Challenging 3 Stubborn Narratives About College (Un)Affordability
Higher Education It’s time to reframe the way you think about paying for college, which might mean ignoring the horror stories and digging a little deeper for the truth.
Think of the most recent article you read about college costs. Did it provide reassurance that higher education is affordable? Talk about student borrowing in a positive light? Include the value of higher education beyond earnings potential? Chances are, you would answer “no” to all of these questions.
It seems as if our culture is increasingly saturated with stories that call attention to the worst-case scenarios: the student who takes out $100,000 in loans and ends up with the lowest-paying job, or a student who drops out of college with piles of debt but no degree. These stories are agonizing, and they stick in our minds. What’s missing in this narrative, however, is the reminder that these stories do not represent the overwhelming majority of student experiences in higher education.
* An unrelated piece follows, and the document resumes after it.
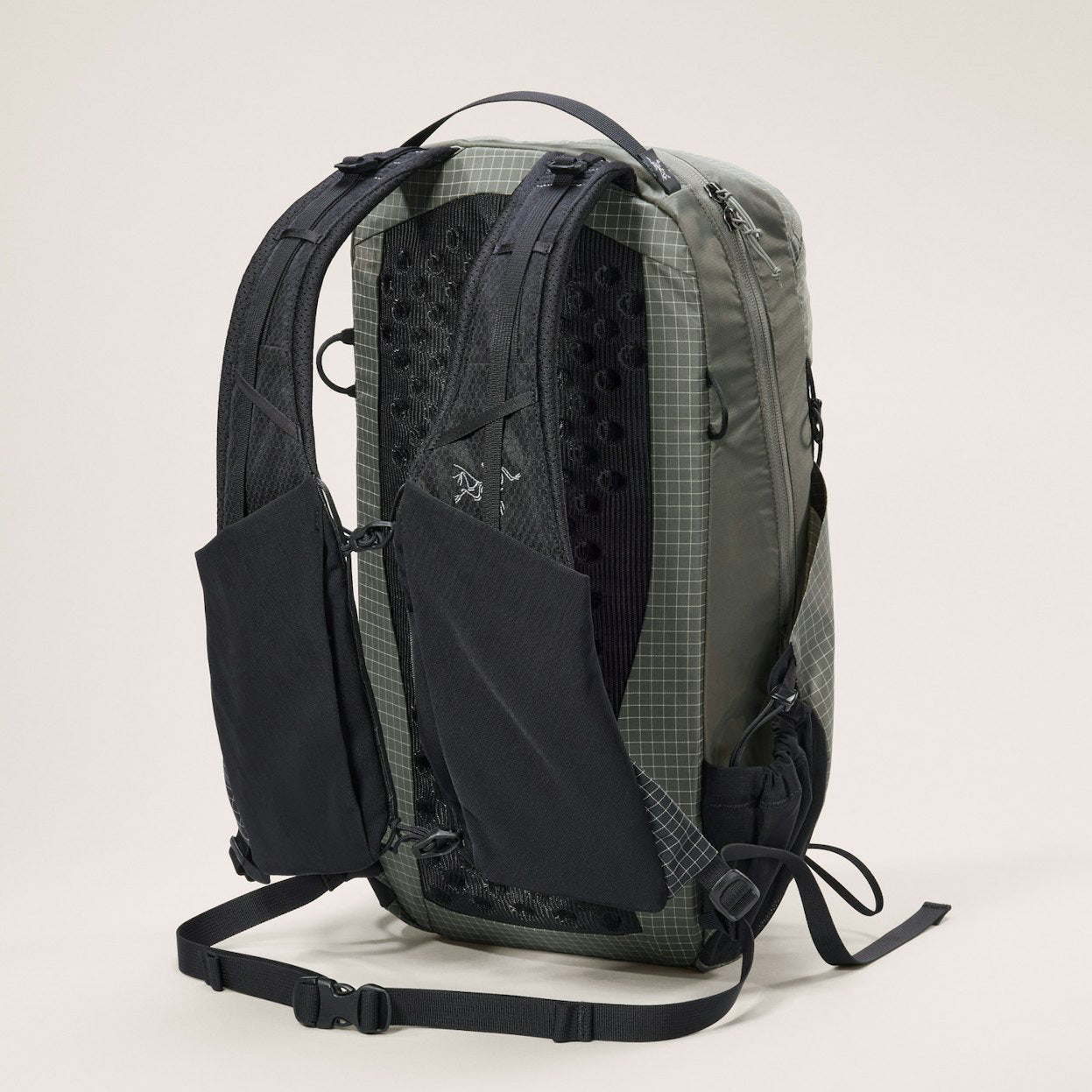 Arc'teryx Backpack – Aerios 18 – Forage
In fact, without a counterbalance, this narrative only adds to the magnitude of student and family misperceptions about college costs.
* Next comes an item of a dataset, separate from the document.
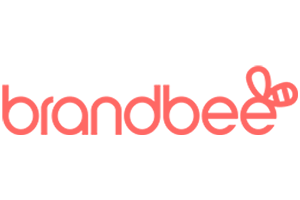 brandbee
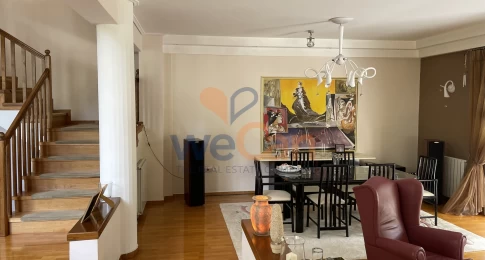 2399873 - Μεζονέτα Προς Πώληση, Δροσιά, 434 τ.μ., €700.000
1. College still pays off very well for most
Postsecondary education not only benefits individual recipients through increased salaries, lifetime earnings and job opportunities — its value extends beyond financial gain and is associated with healthier lifestyles, civic participation and other improvements in one’s general quality of life. Furthermore, a Gallup survey of U.S. college graduates found that “how you go to college” matters: students should take advantage of internships, guidance from mentors such as faculty members and pursue activities towards their goals.
2. Most students owe less than expected
While many students need to borrow for college, the amount they’ll owe is often not as much as they fear. Understanding sticker price versus net price is a good first step in considering how to pay for college. Sticker price is the published tuition price, whereas net price is the amount a student actually pays to attend an institution after subtracting federal, state and institutional grant aid that does not need to be repaid. The difference between the published price and the actual price a student pays can be significant. Further adding to the complexity are the many nuances that arise, for example, some colleges with the highest sticker prices may offer the lowest net price for low-income students because they have more grant aid to offer based on need. The bottom line is not to let the “scary” price tag scare you off from considering college as an option outright because the majority of students receive some form of grant aid that reduces the cost. Keeping college as an option on the table helps your family start planning earlier about how to pay for postsecondary education.
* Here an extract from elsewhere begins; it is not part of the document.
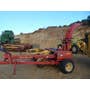 Used New Holland 790 Harvester parts. Used New Holland 790 Harvester parts.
3. Not all debt is impossible debt
There are ways for students and families to consider the “right” amount of borrowing to finance postsecondary education. A manageable amount of debt in the short-term is a very worthy investment for a lifelong payout. The key is figuring out what “manageable” means to each individual student and family, and how to maximize the investment. Whether it’s considering which type of institution, location, field of study, program quality, type of loan or repayment method, ways to save or time to degree, informed choices matter. Most students lack basic knowledge about college costs and financial literacy, and families need support and guidance in this process. The good news is you don’t have to go it alone. Your school counselor, college admission counselors and financial aid officers can help you and your family every step along the way.